The mirror polish still had a few of the lower grit scratches underneath, and the hamon wasn't as striking as other honyakis I've seen.

If you are looking at other honyaki gyutos, I have also owned a Sakai ichimonji kichukini white #2 & I still own a Mizuno Tanrenjo blue #2 DX honyaki both of which I enjoyed more than the watanabe.


----------



## riba (Oct 22, 2014)

I am very impressed with the performance of my stainless clad 18cm pro nakiri. Thin behind the edge and cuts like the dickens.
Spine and choil need some easing though.




slash said:


> ... and no i don't think you need a honyaki just to cut onions but hey...
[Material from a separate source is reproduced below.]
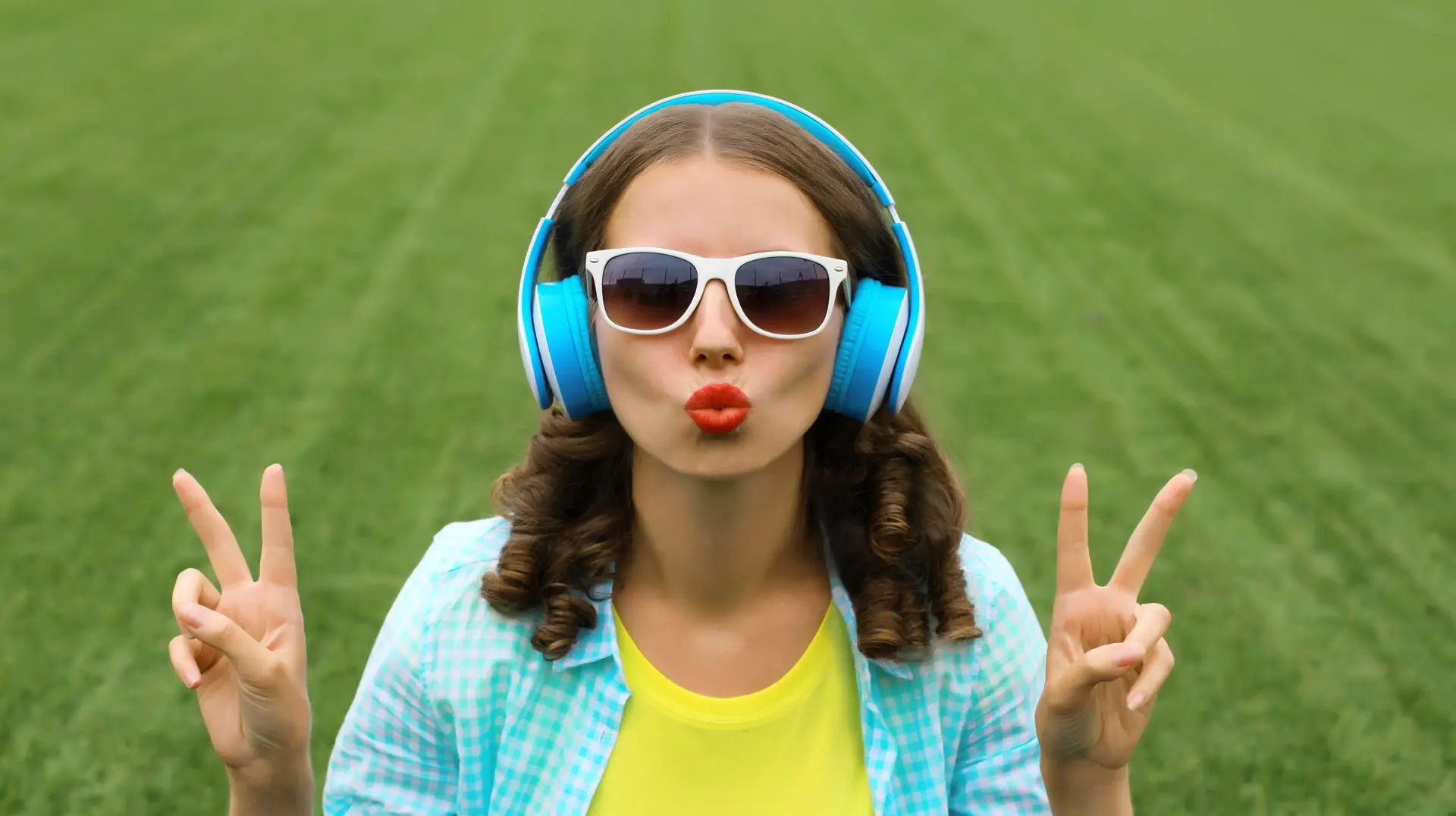 Portrait of happy smiling young woman listening to music in headphones on grass in summer park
You do need a nakiri to cut leafy vegetables


----------



## Ruso (Oct 22, 2014)

My experience was horrible. He does not look like to give a damn about his products or CS. Cant comment on his blade performance, but this vendor/craftsman is off my list completely.


----------



## Timthebeaver (Oct 22, 2014)

Discussed at length here. 

http://www.kitchenknifeforums.com/showthread.php/1233-Watanabe-knives/page1


----------



## slash (Oct 22, 2014)

Ruso said:


> My experience was horrible. He does not look like to give a damn about his products or CS. Cant comment on his blade performance, but this vendor/craftsman is off my list completely.



Wow... that bad!


----------



## slash (Oct 22, 2014)

Timthebeaver said:


> Discussed at length here.
> 
> http://www.kitchenknifeforums.com/showthread.php/1233-Watanabe-knives/page1



Cheers.


----------



## icanhaschzbrgr (Oct 22, 2014)

Can't speak about his customs, but I still love both 150 petty and 180 gyuto from his PRO series.


----------



## Vesteroid (Oct 22, 2014)

I have three of his knives and love them all. Perhaps my most used knives.

I use the pro nikiri daily, and the custom blue 2 240 gyuto the most after that.
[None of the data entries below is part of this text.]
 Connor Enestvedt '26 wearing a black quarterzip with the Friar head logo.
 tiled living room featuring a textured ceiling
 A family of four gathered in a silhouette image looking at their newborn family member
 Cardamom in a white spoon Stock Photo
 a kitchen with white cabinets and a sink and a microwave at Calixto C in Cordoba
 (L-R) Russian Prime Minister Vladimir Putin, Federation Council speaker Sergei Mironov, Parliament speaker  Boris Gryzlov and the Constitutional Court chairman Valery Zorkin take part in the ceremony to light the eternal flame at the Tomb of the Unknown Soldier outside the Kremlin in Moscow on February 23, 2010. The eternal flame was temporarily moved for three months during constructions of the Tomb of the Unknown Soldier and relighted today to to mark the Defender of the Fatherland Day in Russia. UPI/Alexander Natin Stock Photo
I am a home chef so take that for what its worth, but I regularly slice potatoes, chip thin with ease.

the pro knives are clad with iron and are basically non reactive, the blue two custom is more of a problem as I dont like a patina, and I keep it polished...of course this gives me a reason to work with my stones on the weekend.

With whatever skill I have on sharpening, i can get my wantanabes sharper than any of my other knives (this doesnt count my knives from jon as I have never sharpened them)

One I bought here, the other two I ordered from him. They came in fine, email was fine, shipping was quick, think I got them both in under a week.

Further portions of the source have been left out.